I can summarize the following solutions, and maybe there are other solutions:
a) Fix the bug yourself
b) Use other storage mechanisms to resolve records to bypass
c) Self parsing hosts

If you mean we should maintain our own fork of powerdns, I'm against that. PowerDNS is open source and anyone can submit patches to it the same as VyOS. If you want to try fixing the bug in pdns-recursor, you can clone pdns, debug it, build it, test it and submit the patch at https://github.com/PowerDNS/pdns . Of course you have to oblige by their contribution guidelines that are listed there. They also have a IRC channel at OFTC #powerdns .

jjakob added a comment.EditedThu, May 21, 11:40 AM

I can summarize the following solutions, and maybe there are other solutions:
a) Fix the bug yourself
b) Use other storage mechanisms to resolve records to bypass
c) Self parsing hosts

a) would be very hard for someone unfamiliar with the PowerDNS codebase. You can try.
b) Not possible (edit: I misunderstood - it would be possible to use zone files instead of /etc/hosts, but there would be a considerable amount of work to rewrite vyos-hostsd to generate them)
c) the workaround I mentioned above is possible: add a lua-config-file with addNTA for each domain zone in /etc/hosts. This isn't just the domains from system static-host-mapping, but DHCP hostfile-update too. It would probably be done in vyos-hostsd, as well as conf-mode/host-name.py. I don't have time to implement it now, however you're welcome if you wish to take it on.

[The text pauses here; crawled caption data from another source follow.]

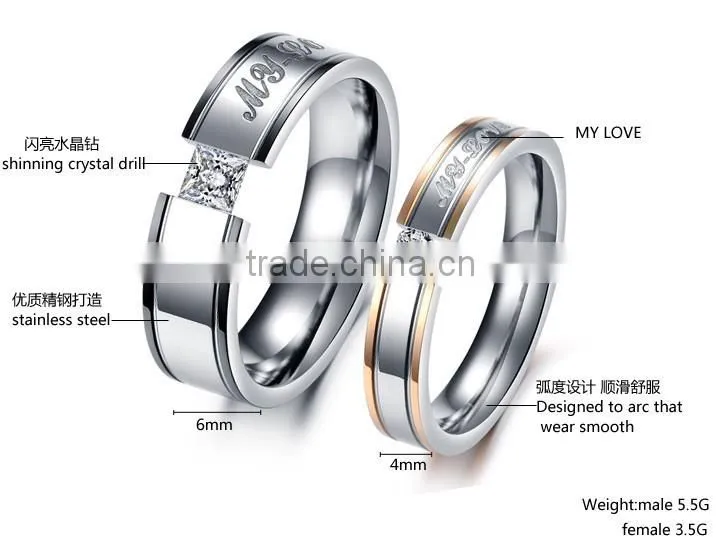 KSTONE 2015 new products 316l stainless steel couple diamond engagement ring, wedding ring couple ring
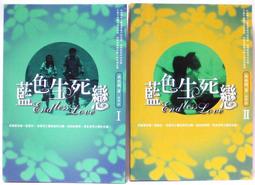 小說 韓劇 情定大飯店 姜銀慶 尹晨伊改編 下標就賣 全套2本 尖端出版 PO4 歷史價格詳細信息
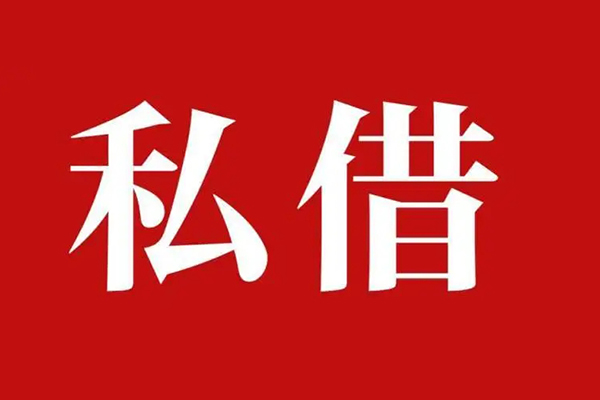 成都40民间无抵押借钱-成都40私人贷款小额贷款-成都40社保信用贷款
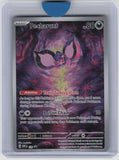 SV: Scarlet & Violet Promo Cards #129 Pecharunt
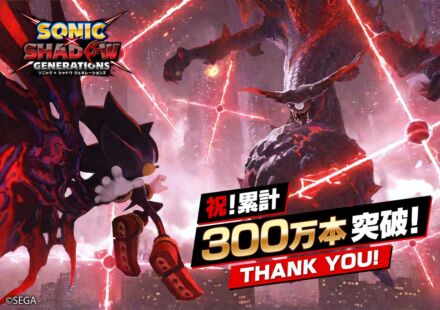 『ソニック × シャドウ ジェネレーションズ』全世界販売本数が300万本を突破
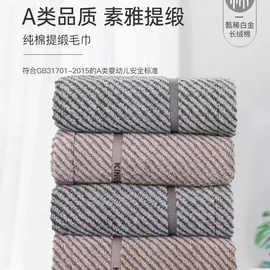 毛巾;毛巾礼盒装;沐浴球浴擦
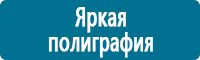 Знаки особых предписаний дорожного движения в Владивостоке купить Магазин Охраны Труда fullBUILD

@jjakob I'm sorry, but I think you may have misunderstood me. I just summarized the problems that can be solved at present. Of course, this patch can finally be submitted to PDNS. Relatively speaking, the current solution to the problem may be the first priority, and there are only two main ways to solve the problem, either to solve it or to bypass it.

vyos@vyos:~$ dpkg -l | grep pdns
ii  pdns-recursor                    4.2.1-1pdns.buster                  amd64        PowerDNS Recursor

the latest release of PowerDNS Recursor 4.3.0

Although I wanted to try it out, it seems the best way is to try to upgrade to the latest stable version. From the perspective of version management, the higher version often fixes some existing bugs, while the stable version ensures sufficient testing to avoid 0days.

c-po added a subscriber: c-po.Thu, May 21, 12:28 PM

Latest rolling runs PowerDNS recursor 4.3 T2470

In T2486#64335, @jjakob wrote:

Also, this is reproducible with pdns-recursor from upstream master (4.4.0) so upgrading won't help.

jjakob changed the task status from Open to In progress.Fri, May 22, 2:41 PM
jjakob claimed this task.
jjakob moved this task from Need Triage to In Progress on the VyOS 1.3 Equuleus board.

Upstream says this is normal behavior when DNSSEC is enabled, so the workaround that I'm working on (addNTA) is actually the proper fix.